In one anecdote highlighted recently in the Los Angeles Times, a Florida physician tested a patient for COVID-19, submitted it to a lab, and was still waiting for the results 16 days later. Half an hour away inside the MLS bubble in Orlando, 180 players and staff from four soccer teams were tested as they checked into a hotel. Their results came back within hours.

Both the MLS and the NBA, the other Orlando bubble operation, have already responded to resultant criticism.
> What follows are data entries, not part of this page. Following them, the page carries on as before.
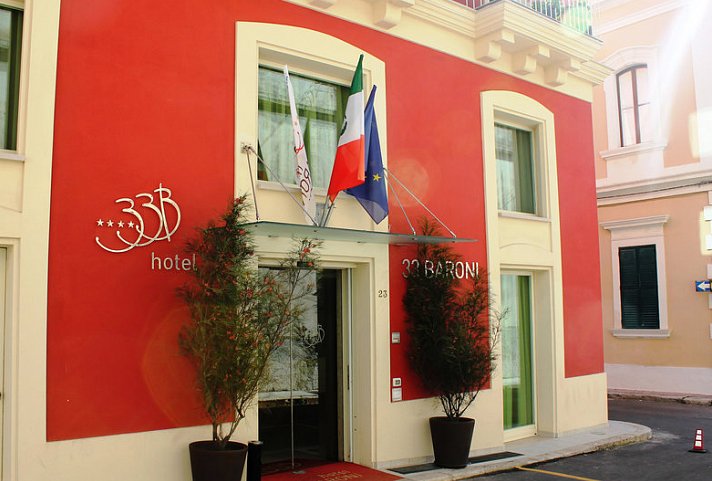 Hotel 33 Baroni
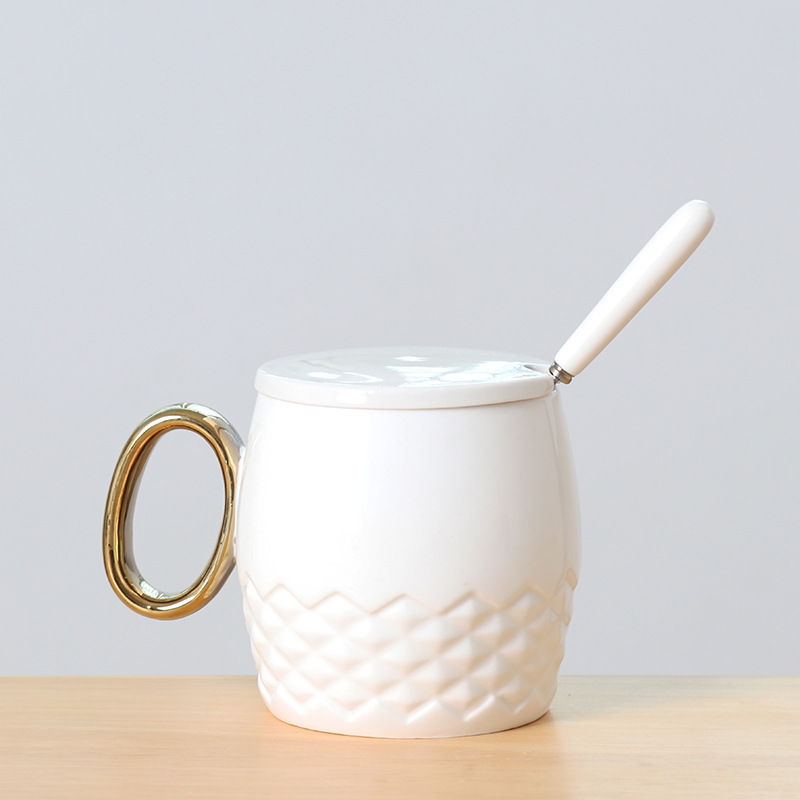 White cup, spoon, and lid (no gift box)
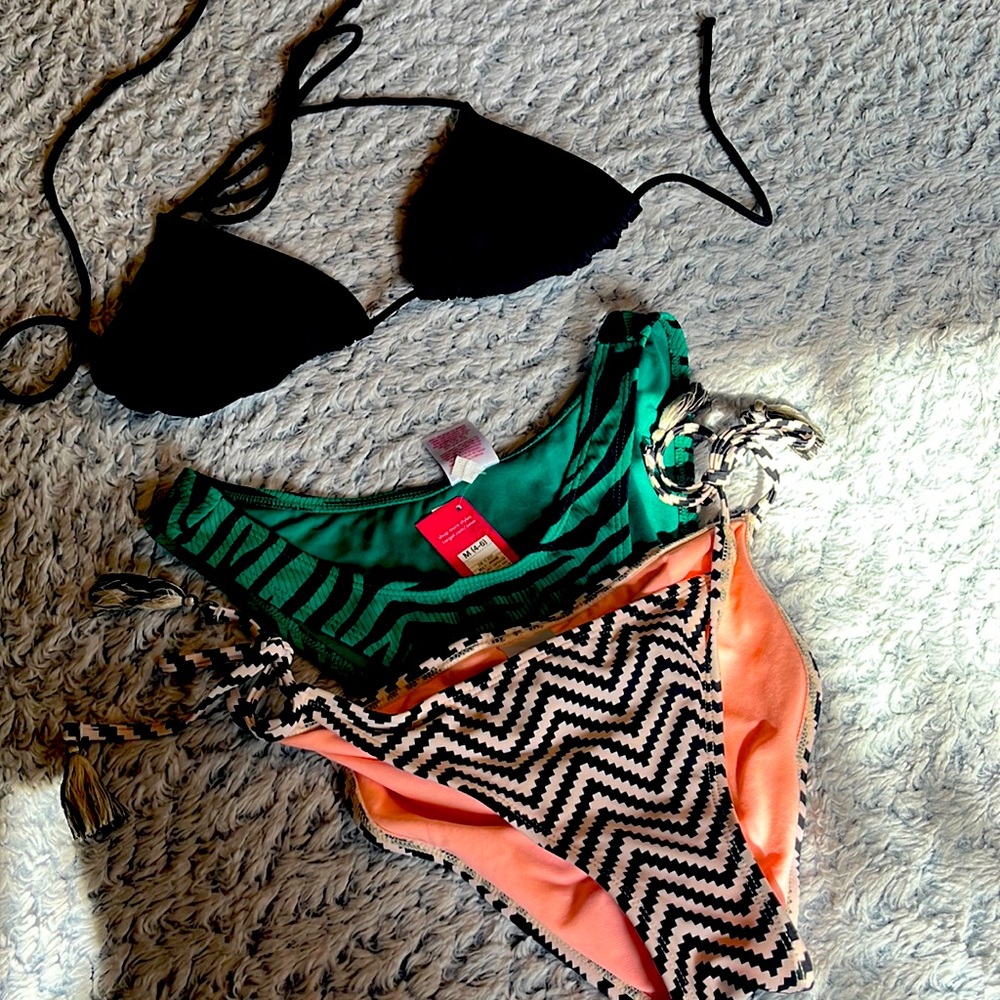 Medium bikini top with two medium bottoms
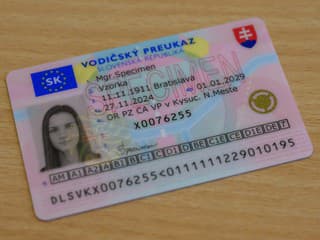 Veľká zmena pre vodičov nad 70 rokov: Polícia upozorňuje na novú povinnosť aj lehoty pre vodičské preukazy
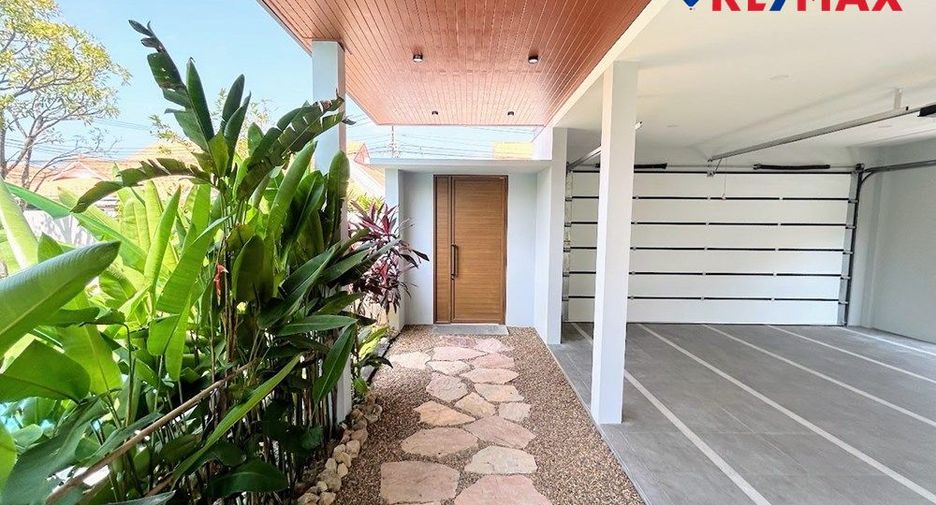 For sale 3 bedrooms house in Bang Lamung, Chonburi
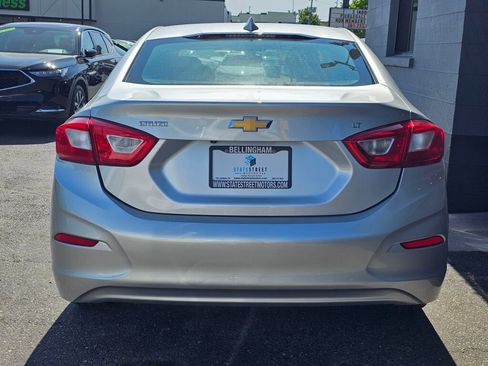 Used 2017 Chevrolet Cruze LT FWD image 4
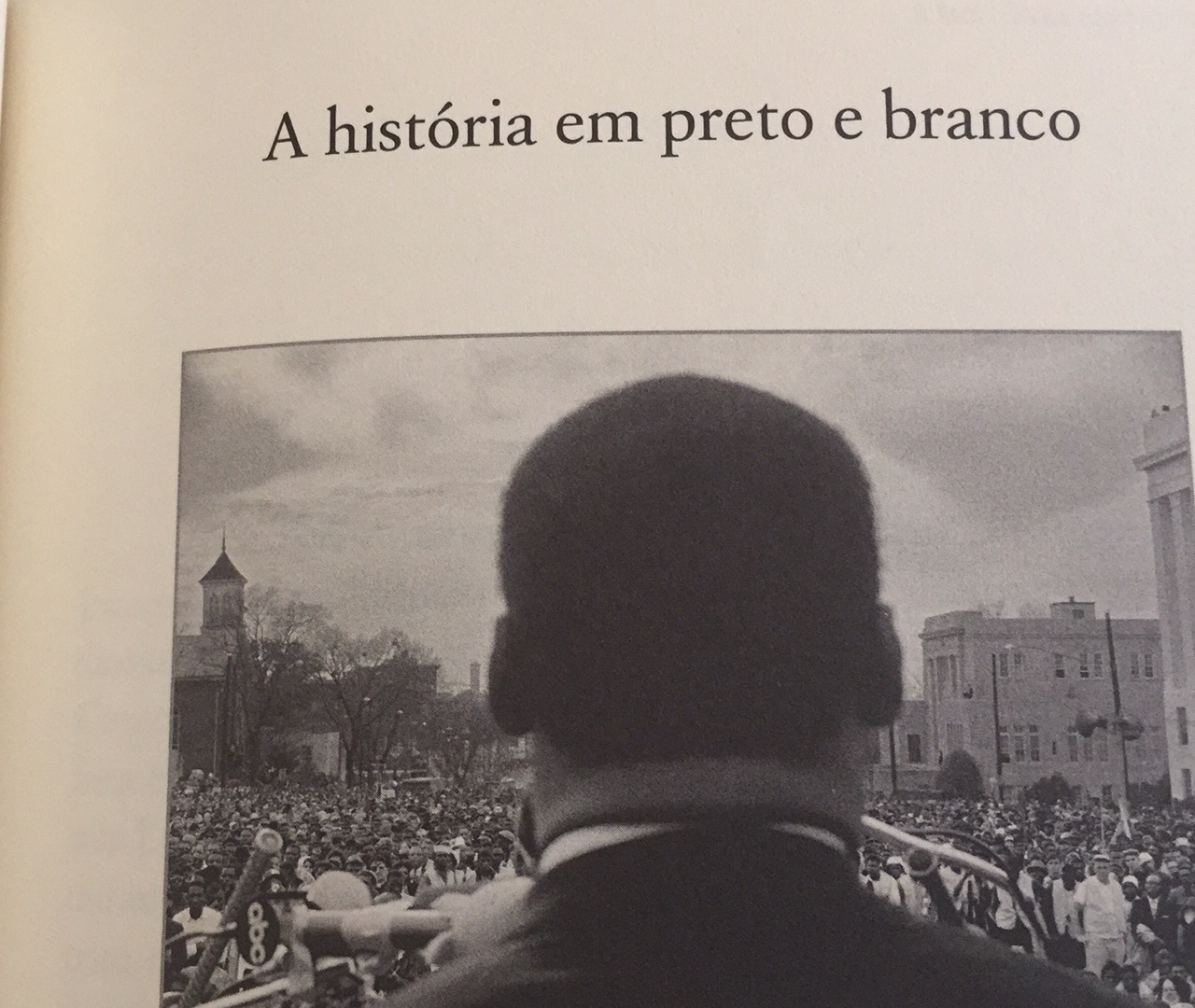 A escrita em preto e branco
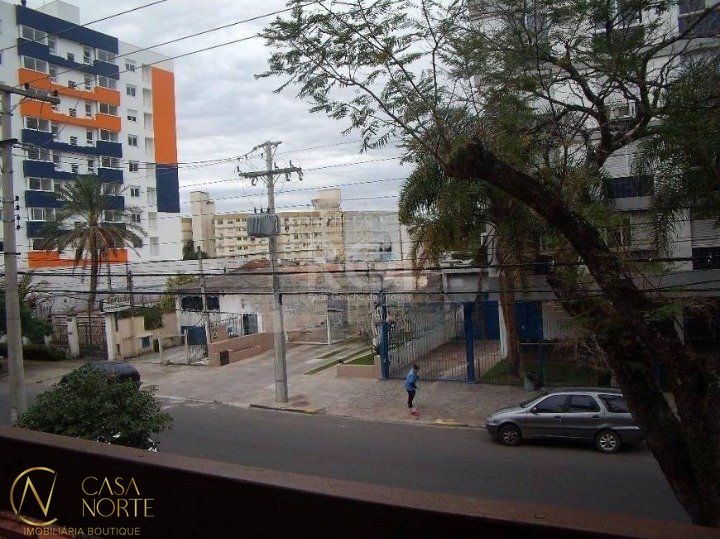 Casa à venda com 3 quartos, 93m², 1 suíte, 3 vagas, Rua Veador Porto no bairro Santana em Porto Alegre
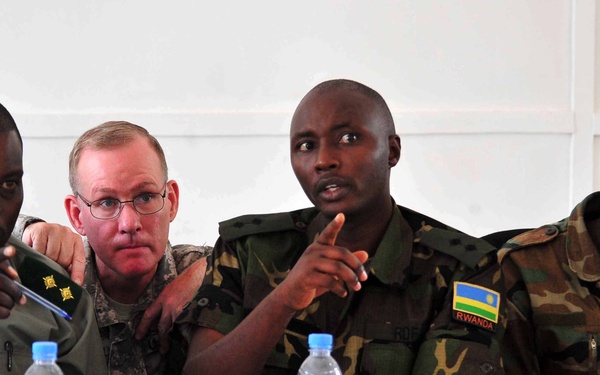 CJTF-HOA presents flight medicine seminar to RDF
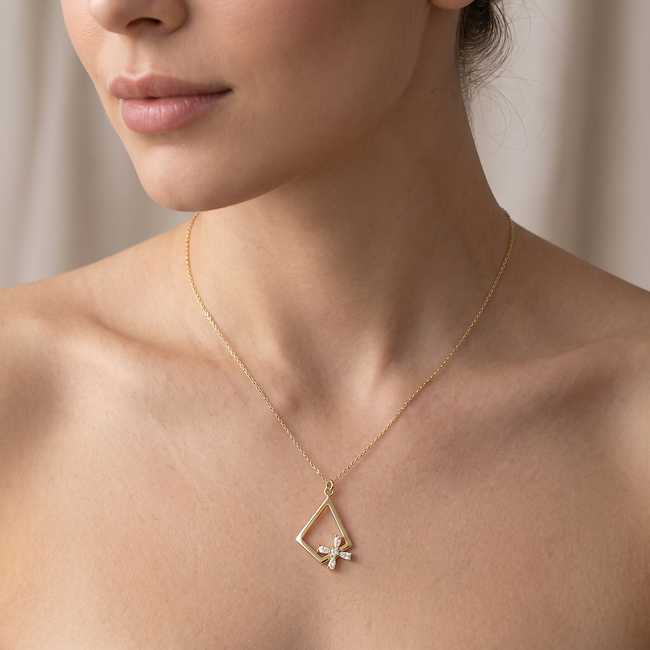 Gouden collier met open ruit en bloemdetail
The NBA planned to set up a mobile testing site in the community, and MLS was working with BioReference to provide antibody testing.

Baseball issued a statement that was the rhetorical equivalent of fouling a pitch off its face:

“By creating its own laboratory and not relying on a commercial laboratory to process most of its samples, MLB has not taken laboratory capacity from the healthcare sector,” said the statement. “We have been assured by the manufacturer of the saliva testing kits that the test kits themselves are in ample supply. Most clinical laboratories in the U.S. are not using the saliva kits at this time to analyze samples.”

Uh-huh, but even if sports leagues are creating their own resources, that system consumes valuable testing materials and requires in-demand laboratory space, among other considerations.

“The argument still stands,” Dr. Tran said. “To say, ‘Well, we’re working with a private contractor,’ their ability to be able to make that partnership or arrangement only highlights or underscores that there’s an existing system of privilege where certain people and certain entities in the country are able to do that. Unfortunately, a huge proportion of the American population are unable to do that.”